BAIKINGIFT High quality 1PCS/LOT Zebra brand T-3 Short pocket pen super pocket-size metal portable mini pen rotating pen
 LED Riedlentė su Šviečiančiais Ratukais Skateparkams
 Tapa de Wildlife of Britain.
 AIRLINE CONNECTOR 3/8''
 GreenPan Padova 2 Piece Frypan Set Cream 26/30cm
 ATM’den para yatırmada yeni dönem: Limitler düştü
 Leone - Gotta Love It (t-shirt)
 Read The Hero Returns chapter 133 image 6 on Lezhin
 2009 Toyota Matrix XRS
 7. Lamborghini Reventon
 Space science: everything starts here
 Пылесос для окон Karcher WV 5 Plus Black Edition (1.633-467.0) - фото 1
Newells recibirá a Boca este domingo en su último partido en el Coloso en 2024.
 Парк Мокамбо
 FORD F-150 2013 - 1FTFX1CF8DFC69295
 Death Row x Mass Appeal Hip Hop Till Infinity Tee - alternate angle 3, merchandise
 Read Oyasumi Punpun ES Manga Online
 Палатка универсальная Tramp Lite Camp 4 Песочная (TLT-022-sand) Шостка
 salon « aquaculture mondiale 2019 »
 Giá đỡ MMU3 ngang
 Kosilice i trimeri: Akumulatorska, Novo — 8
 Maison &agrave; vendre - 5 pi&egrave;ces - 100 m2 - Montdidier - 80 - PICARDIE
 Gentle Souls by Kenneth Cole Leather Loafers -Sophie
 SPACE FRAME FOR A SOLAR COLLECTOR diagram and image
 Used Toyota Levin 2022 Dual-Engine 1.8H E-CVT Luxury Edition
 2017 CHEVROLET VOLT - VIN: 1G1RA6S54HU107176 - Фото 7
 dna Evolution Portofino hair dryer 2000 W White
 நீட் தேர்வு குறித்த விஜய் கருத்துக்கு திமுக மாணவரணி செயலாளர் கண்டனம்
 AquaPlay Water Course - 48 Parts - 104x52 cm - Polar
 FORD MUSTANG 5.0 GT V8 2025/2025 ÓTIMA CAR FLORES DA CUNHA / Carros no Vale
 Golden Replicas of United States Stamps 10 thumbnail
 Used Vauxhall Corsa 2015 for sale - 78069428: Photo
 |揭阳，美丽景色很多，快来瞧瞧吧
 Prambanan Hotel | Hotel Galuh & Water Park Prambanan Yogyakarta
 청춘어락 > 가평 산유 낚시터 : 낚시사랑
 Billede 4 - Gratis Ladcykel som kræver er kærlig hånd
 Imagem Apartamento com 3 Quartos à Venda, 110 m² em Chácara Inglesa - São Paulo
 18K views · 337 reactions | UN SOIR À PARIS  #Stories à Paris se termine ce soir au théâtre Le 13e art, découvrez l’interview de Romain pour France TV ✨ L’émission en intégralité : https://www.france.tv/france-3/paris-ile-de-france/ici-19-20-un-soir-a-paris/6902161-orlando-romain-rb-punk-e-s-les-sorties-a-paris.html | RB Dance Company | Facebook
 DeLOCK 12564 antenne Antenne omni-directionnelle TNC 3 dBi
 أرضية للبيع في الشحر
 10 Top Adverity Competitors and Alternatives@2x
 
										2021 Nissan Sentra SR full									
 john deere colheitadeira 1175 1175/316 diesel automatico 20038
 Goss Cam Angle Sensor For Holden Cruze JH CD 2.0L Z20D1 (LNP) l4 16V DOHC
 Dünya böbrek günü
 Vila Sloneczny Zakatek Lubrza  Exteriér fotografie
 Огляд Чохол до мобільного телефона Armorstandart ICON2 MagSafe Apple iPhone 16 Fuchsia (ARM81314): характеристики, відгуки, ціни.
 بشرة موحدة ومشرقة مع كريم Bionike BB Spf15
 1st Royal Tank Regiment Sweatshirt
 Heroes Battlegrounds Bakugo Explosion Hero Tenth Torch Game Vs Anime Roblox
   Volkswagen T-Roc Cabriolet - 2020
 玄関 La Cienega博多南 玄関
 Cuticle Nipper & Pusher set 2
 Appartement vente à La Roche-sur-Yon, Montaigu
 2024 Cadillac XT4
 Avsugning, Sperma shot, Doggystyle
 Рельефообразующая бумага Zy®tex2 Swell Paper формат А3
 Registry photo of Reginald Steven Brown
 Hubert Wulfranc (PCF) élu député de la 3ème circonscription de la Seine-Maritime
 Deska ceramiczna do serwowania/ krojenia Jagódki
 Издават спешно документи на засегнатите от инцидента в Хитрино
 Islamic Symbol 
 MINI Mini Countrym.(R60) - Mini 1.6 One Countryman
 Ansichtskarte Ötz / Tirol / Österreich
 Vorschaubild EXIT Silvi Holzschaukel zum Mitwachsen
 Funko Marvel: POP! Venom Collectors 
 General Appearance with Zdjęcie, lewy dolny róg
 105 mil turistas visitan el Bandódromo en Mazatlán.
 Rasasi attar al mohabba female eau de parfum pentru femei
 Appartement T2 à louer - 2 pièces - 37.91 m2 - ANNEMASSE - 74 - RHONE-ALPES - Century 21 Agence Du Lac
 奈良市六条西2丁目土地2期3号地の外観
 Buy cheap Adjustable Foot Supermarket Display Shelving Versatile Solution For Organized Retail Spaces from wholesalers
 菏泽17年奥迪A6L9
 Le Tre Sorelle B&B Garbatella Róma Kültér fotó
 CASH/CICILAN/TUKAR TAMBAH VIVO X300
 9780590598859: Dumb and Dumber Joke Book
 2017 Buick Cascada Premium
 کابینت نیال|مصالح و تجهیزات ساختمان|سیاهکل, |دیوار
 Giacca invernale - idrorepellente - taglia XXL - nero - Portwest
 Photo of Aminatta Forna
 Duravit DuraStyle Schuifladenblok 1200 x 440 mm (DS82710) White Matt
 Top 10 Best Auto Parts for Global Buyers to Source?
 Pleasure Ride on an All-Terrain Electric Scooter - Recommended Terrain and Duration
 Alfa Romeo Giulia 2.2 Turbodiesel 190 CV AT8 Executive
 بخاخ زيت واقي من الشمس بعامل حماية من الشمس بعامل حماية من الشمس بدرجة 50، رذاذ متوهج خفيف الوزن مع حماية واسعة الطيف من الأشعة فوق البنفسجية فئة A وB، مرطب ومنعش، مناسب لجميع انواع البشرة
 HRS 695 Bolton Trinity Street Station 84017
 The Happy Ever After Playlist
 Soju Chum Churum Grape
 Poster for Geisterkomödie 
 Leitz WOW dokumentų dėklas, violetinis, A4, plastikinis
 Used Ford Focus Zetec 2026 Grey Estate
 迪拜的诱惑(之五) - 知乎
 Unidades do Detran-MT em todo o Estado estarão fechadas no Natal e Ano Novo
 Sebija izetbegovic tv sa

• **Required action**: Out of the material above, select every line that holds the string "Used".

• **Answer section**:
 Used Toyota Levin 2022 Dual-Engine 1.8H E-CVT Luxury Edition
 Used Vauxhall Corsa 2015 for sale - 78069428: Photo
 Used Ford Focus Zetec 2026 Grey Estate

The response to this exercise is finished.